Of the lines listed below, return exactly those that run from the line containing "Mocha Brown Bow" through the line containing "Galaxy S22 Ultra Case, Slim", both included.

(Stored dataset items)

·····

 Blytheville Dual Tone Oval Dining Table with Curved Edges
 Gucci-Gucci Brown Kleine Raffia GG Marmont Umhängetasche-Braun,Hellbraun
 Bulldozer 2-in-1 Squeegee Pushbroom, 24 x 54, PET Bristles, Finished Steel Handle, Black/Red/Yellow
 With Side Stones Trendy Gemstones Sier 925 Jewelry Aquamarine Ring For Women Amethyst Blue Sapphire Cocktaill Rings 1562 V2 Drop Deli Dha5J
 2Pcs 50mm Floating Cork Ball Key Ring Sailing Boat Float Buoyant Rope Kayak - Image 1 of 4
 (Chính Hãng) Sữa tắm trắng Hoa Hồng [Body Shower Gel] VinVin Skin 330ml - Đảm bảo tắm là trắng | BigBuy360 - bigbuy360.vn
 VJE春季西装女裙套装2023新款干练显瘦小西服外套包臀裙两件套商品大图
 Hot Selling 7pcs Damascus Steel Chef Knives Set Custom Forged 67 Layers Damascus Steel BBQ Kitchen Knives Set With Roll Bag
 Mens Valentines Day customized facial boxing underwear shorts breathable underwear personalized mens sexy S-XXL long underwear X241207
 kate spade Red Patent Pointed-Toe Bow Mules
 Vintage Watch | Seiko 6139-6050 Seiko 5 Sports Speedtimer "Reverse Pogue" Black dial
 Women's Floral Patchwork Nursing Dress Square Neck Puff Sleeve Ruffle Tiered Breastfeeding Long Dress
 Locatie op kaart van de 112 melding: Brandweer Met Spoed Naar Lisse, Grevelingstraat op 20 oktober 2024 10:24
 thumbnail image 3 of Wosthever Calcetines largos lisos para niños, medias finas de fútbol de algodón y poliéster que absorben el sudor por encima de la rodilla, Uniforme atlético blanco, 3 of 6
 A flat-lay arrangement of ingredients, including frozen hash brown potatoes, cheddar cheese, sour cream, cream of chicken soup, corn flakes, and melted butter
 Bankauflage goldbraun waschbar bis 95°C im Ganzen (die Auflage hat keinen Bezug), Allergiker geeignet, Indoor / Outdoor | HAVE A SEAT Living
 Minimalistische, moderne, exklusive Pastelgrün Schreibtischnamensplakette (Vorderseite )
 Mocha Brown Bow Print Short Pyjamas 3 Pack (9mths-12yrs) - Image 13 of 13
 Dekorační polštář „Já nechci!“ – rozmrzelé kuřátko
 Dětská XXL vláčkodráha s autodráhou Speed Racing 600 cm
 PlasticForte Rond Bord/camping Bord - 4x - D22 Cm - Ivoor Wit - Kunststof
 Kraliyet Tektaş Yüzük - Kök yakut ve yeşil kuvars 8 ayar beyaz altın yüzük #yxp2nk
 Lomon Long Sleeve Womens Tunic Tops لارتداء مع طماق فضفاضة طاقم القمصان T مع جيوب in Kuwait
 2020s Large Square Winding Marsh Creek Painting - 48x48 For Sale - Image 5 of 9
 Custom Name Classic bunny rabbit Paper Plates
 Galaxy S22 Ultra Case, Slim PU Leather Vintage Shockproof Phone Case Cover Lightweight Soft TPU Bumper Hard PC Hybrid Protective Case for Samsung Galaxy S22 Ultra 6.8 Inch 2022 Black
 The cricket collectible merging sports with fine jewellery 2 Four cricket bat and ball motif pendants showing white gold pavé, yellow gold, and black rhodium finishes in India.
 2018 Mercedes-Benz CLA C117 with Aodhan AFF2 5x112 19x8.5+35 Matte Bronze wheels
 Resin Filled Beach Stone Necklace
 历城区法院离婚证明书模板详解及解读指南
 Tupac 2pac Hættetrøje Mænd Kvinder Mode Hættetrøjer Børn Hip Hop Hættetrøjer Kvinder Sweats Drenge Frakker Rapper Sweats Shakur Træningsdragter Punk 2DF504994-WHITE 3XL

·····

Task output.
 Mocha Brown Bow Print Short Pyjamas 3 Pack (9mths-12yrs) - Image 13 of 13
 Dekorační polštář „Já nechci!“ – rozmrzelé kuřátko
 Dětská XXL vláčkodráha s autodráhou Speed Racing 600 cm
 PlasticForte Rond Bord/camping Bord - 4x - D22 Cm - Ivoor Wit - Kunststof
 Kraliyet Tektaş Yüzük - Kök yakut ve yeşil kuvars 8 ayar beyaz altın yüzük #yxp2nk
 Lomon Long Sleeve Womens Tunic Tops لارتداء مع طماق فضفاضة طاقم القمصان T مع جيوب in Kuwait
 2020s Large Square Winding Marsh Creek Painting - 48x48 For Sale - Image 5 of 9
 Custom Name Classic bunny rabbit Paper Plates
 Galaxy S22 Ultra Case, Slim PU Leather Vintage Shockproof Phone Case Cover Lightweight Soft TPU Bumper Hard PC Hybrid Protective Case for Samsung Galaxy S22 Ultra 6.8 Inch 2022 Black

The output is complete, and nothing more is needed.